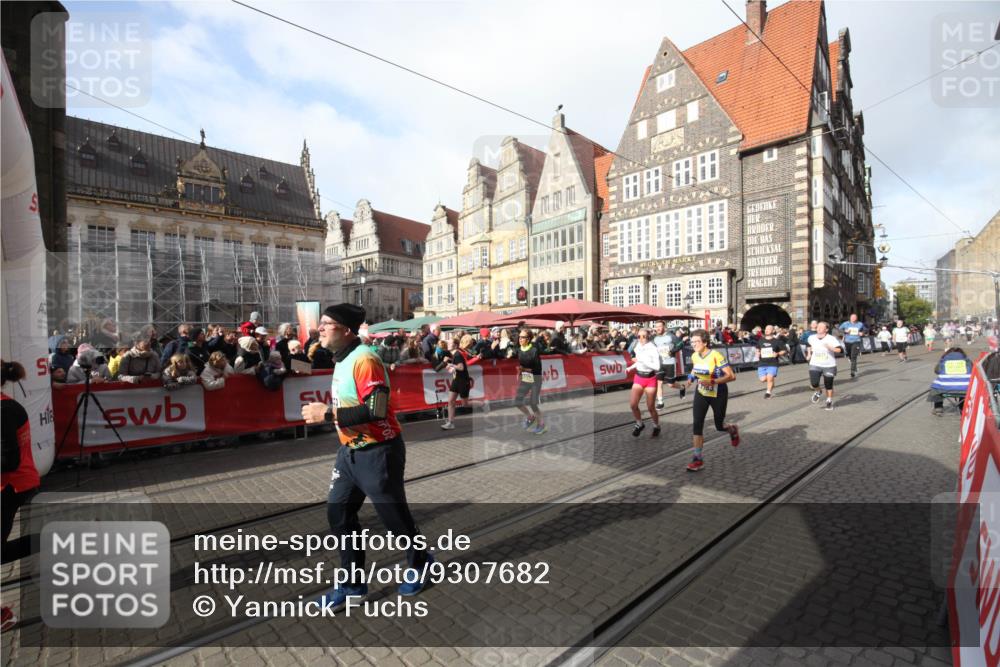 05.10.2025 - 20. swb-Marathon Bremen Yannick Fuchs http://msf.ph/oto/9307682 05.10.2025 10:58:45 Ziel 7163, 8585, 9346, 9359, 9370, 9540, 9622, 9714, 10527, 10591, 10679, 10871, 11078 meine-sportfotos.de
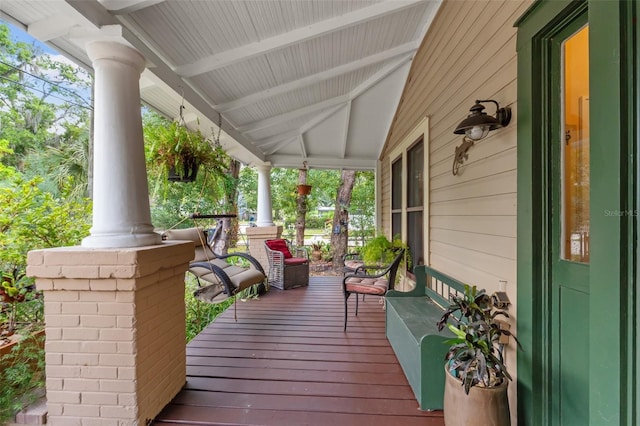 1001 E Crawford St, Tampa, FL 33604 - wooden terrace with a porch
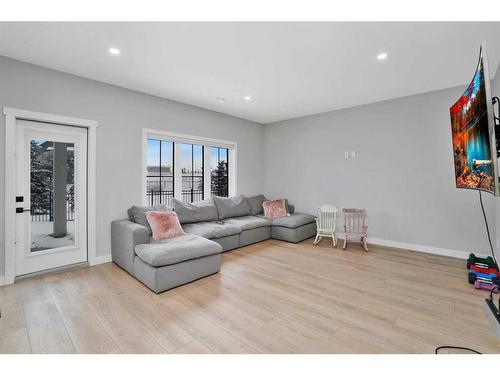 10 Songbird Green, Sylvan Lake, AB - Indoor Photo Showing Living Room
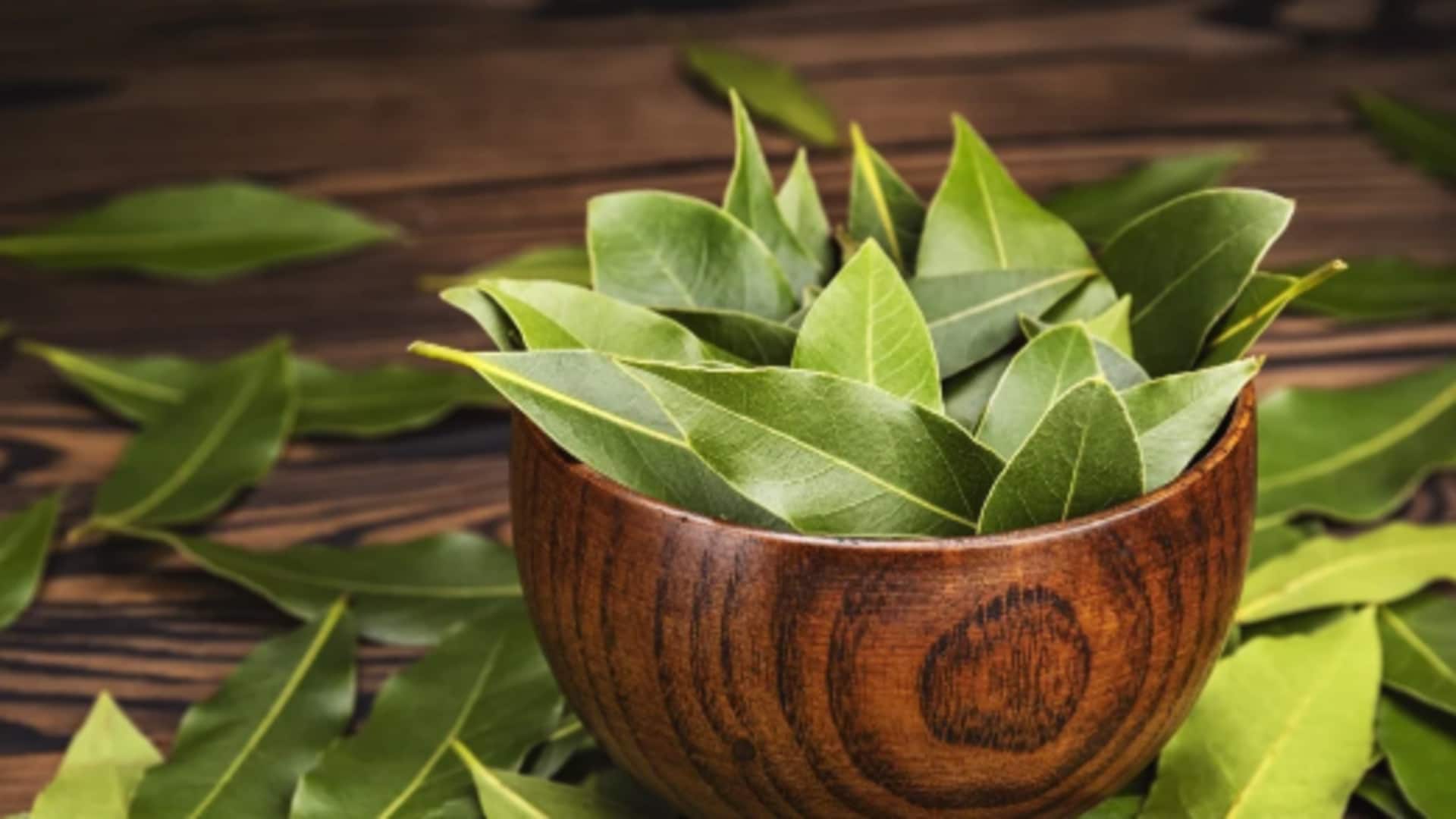 5 delicious ways to cook with bay leaves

## WORK INSTRUCTIONS
Print the material again, unchanged, without its pictures.

## FINAL ANSWER
 05.10.2025 - 20. swb-Marathon Bremen Yannick Fuchs http://msf.ph/oto/9307682 05.10.2025 10:58:45 Ziel 7163, 8585, 9346, 9359, 9370, 9540, 9622, 9714, 10527, 10591, 10679, 10871, 11078 meine-sportfotos.de
 1001 E Crawford St, Tampa, FL 33604 - wooden terrace with a porch
 10 Songbird Green, Sylvan Lake, AB - Indoor Photo Showing Living Room
 5 delicious ways to cook with bay leaves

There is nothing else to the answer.